Za moich czasów to człowiek pracował od rana do nocy za miskę zupy i się cieszył, że robota była. Takie motto mogło przyświecać autorom Projektu Tłumacz, do którego nabór rozpoczął się na prestiżowym przecież Uniwersytecie im. Adama Mickiewicza w Poznaniu. Szukają studentów, którzy za darmo będą pełnić dyżury 24 godziny na dobę, aby pomóc policji w kontaktach z cudzoziemcami.
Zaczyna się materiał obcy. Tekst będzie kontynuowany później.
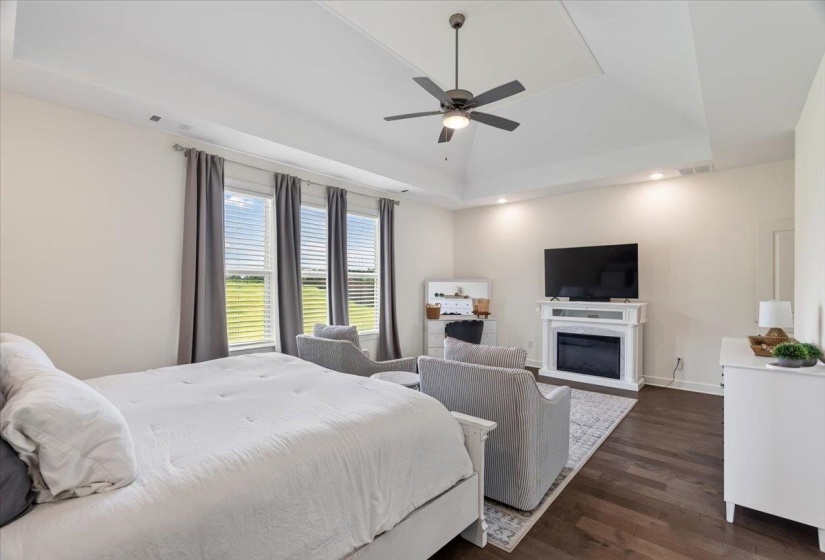14806 ELM HILL DR, Olive Branch, Mississippi 38654-1078, 5 Bedrooms Bedrooms, 10 Rooms Rooms,3.1 BathroomsBathrooms,Residential,For Sale,ELM HILL,10224913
Wydział Neofilologii UAM ogłosił rozpoczęcie rekrutacji do nowego projektu, który realizowany jest wraz z policją i władzami miasta. Chodzi o pomaganie policjantom w kontaktach z cudzoziemcami na terenie miasta. Pomoc ma polegać na pełnieniu całodobowych dyżurów telefonicznych, aby oficer mógł w dowolnym momencie skorzystać ad hoc z pomocy tłumacza. Schemat działania ma być bardzo prosty. Jeżeli policjant, który przeprowadza interwencję z udziałem cudzoziemca, ma problemy, żeby się z nim porozumieć, dzwoni do dyżurującego akurat tłumacza po pomoc. W nadzwyczajnych przypadkach wolontariusz może być poproszony o dojazd na miejsce zdarzenia. To z pewnością nie jest opis pracy dla leniwego pracownika.
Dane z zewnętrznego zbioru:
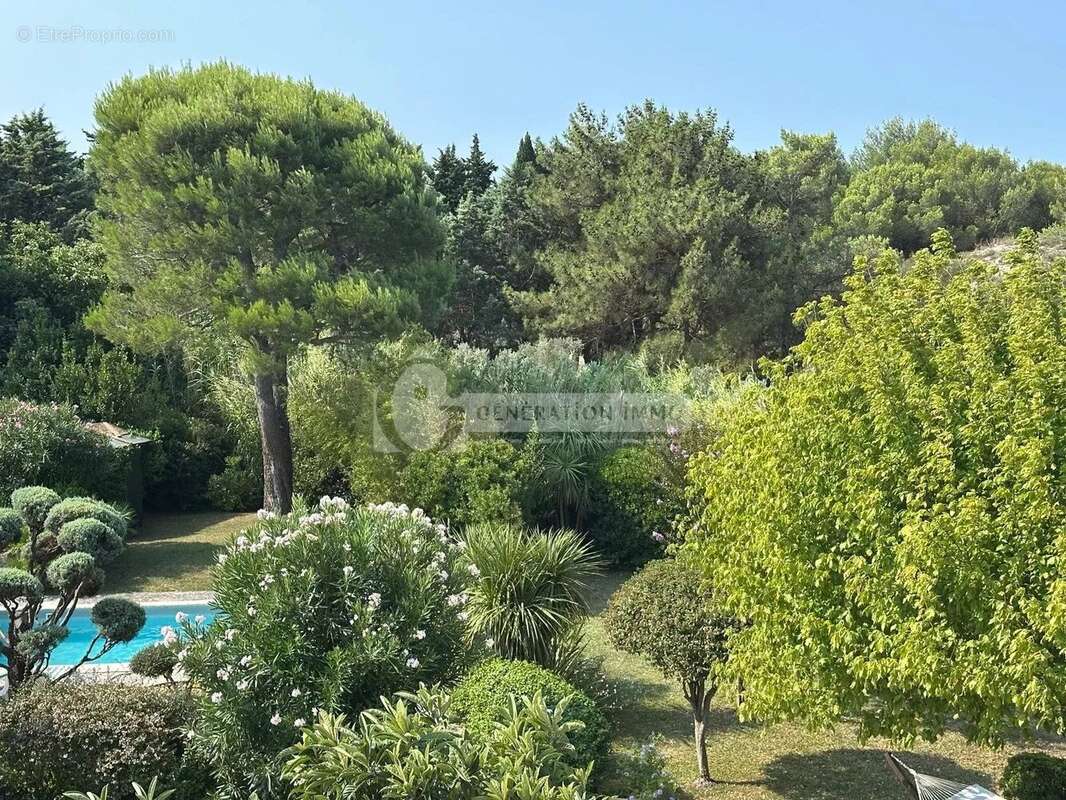 Fontvieille - maison familiale en campagne avec jardin paysagé et piscine - photo 26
Studenci mają być przeszkleni przez policję, a potem za darmo być pod telefonem 48 godzin
To wszystko oczywiście za darmo, w ramach wolontariatu. Sama uczelnia jednak zwraca uwagę na to, że projekt jest – uwaga – prestiżowy. Jakby tego było mało, jest objęty patronatem dwóch prorektorów. Studenci mają podpisać umowy na 3 miesiące, a ich dyżury mają trwać po 48 godzin. Przy takim prestiżu całej akcji aż dziw bierze, że studenci nie będą musieli korzystać z własnych telefonów. Te bowiem mają zostać dostarczone przez sponsora. Udział w tej jakże prestiżowej akcji to niesamowita okazja do zdobycia dodatkowych punktów w programach stypendialnych. Wisienką na torcie są zaplanowane coroczne spotkania z prorektorem i władzami miasta. W ramach podziękowań – tradycyjny uścisk dłoni. Czy wspomniałem o ciekawym doświadczeniu?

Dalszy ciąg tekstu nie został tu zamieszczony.